Oto bowiem stoimy u progu złotego wieku polskiego piśmiennictwa o sztuce. Nigdy wcześniej tak wielu nie pisało tak wiele, w tak wielu miejscach, dla tak wielu. Wbrew nerwowo przywoływanym badaniom czytelnictwa, nigdy dotąd nie pisaliśmy i nie czytaliśmy tyle co teraz: mejli, esemesów, postów, blogów etc. itp. I nigdy jeszcze publikowanie własnych myśli, czy mówiąc precyzyjniej, ułożonych samodzielnie ciągów wyrazów, nie było tak proste. Naszą rzeczywistość w coraz większym stopniu kreuje ruch palców na klawiaturze komputerów, smartfonów i tabletów, w miejsce fizycznej, wytwórczej pracy rąk. Ludzie korzystają z tych nowych, świetnych narzędzi i piszą, piszą, piszą. Nawet jeśli ktoś nie ma nic do powiedzenia, to ośmielony nowymi możliwościami chętnie coś napisze. I dopiero teraz naprawdę zaczynamy rozumieć, że skala międzyludzkiego nieporozumienia jest katastrofalnie większa, niż ktokolwiek wcześniej przypuszczał.

Pisanie rzecz jasna sprawia przyjemność. Niezależnie od przyjętej formy gramatycznej to czynność, która niemal zawsze odbywa się w pierwszej osobie liczby pojedyńczej. I ta tendencja zdaje się szczególnie wzmacniać w nowym piśmiennictwie. Ponieważ wszyscy piszą, przynajmniej autobiografie – sportowcy, lekarze, politycy, kolekcjonerzy i aktorzy – pisanie staje się tym bardziej walką o własną podmiotowość, o wyróżnienie siebie i własnych emocji spośród wszystkich innych. Przeto naturalnym efektem tego procesu jest zsunięcie na bok tego, co tradycyjnie było przedmiotem refleksji krytyka sztuki – artysty i jego dzieła – a wstawienie w to miejsce autora tekstu: Halo, to ja! Uwielbiam lody śliwkowe, nudzi mnie sztuka o starości!

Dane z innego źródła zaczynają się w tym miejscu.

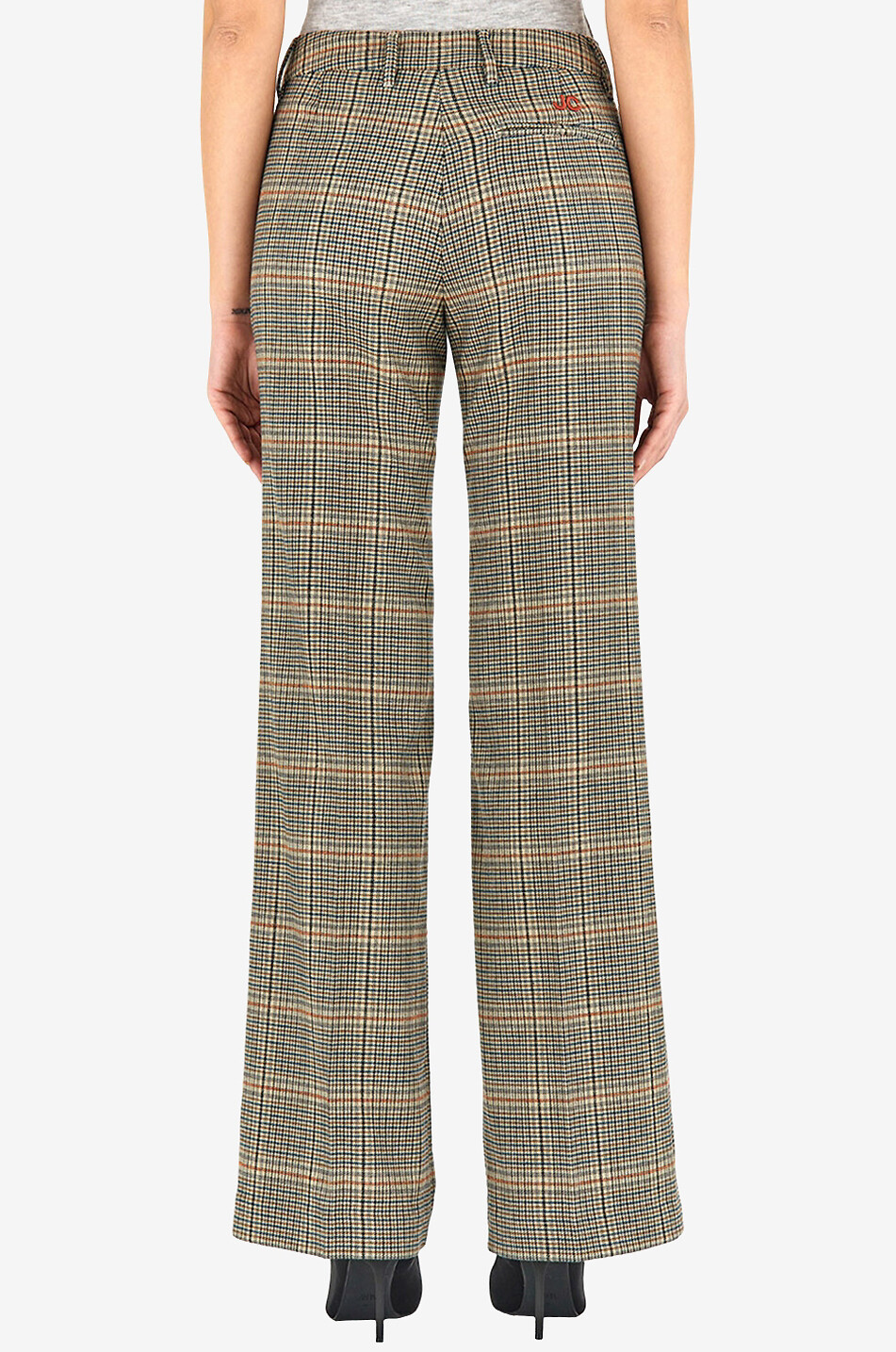 JACOB COHEN Lässige karierte Hose mit weitem Bein Damen BRAUN 4
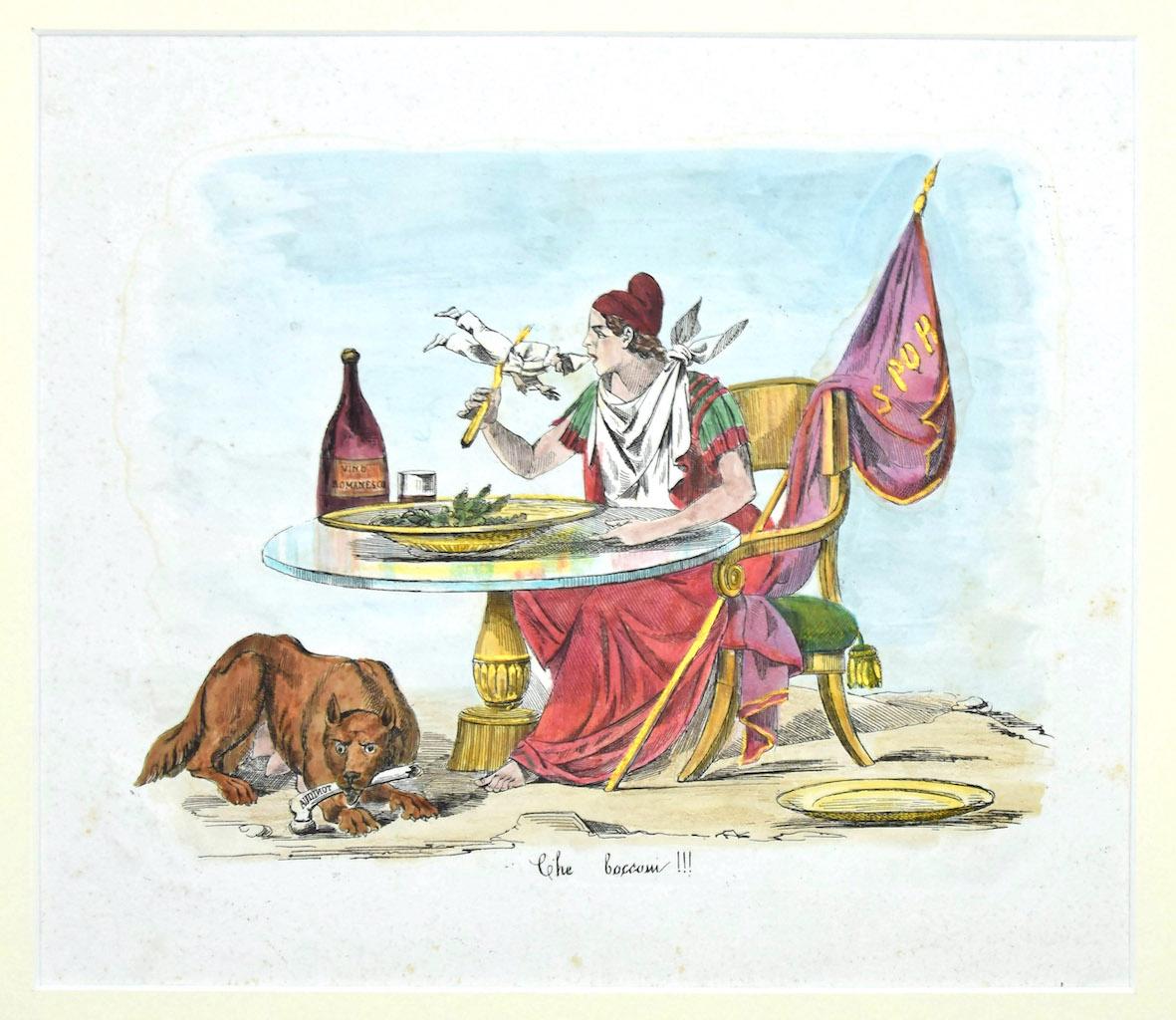Unknown Figurative Art - Satirical Scene - Lithograph hand Watercolored - 19th Century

Inny artysta, oj szkoda, że nie mogę podawać nazwisk, zwierzył się ostatnio, że nie za bardzo ma z kim podzielić się swoimi przemyśleniami i ideami, bo większość krytyków to już ludzie dużo młodsi, którzy ujmując to eufemistycznie, mają inne rzeczy w głowie, podczas gdy on z wiekiem nabrał doświadczenia i zajmują go sprawy natury bardziej subtelnej.

Można trzeźwo i prosto odpowiedzieć, że bardzo dobrze, że to idzie młodość i w końcu nastaje ten moment, że młodsi nie mają ci już nic miłego do powiedzenia, mają natomiast dużo do powiedzenia o sobie, może też zresztą niekoniecznie miłego. I oni też w końcu będa musieli nauczyć się żyć z tym destrukcyjnym strachem.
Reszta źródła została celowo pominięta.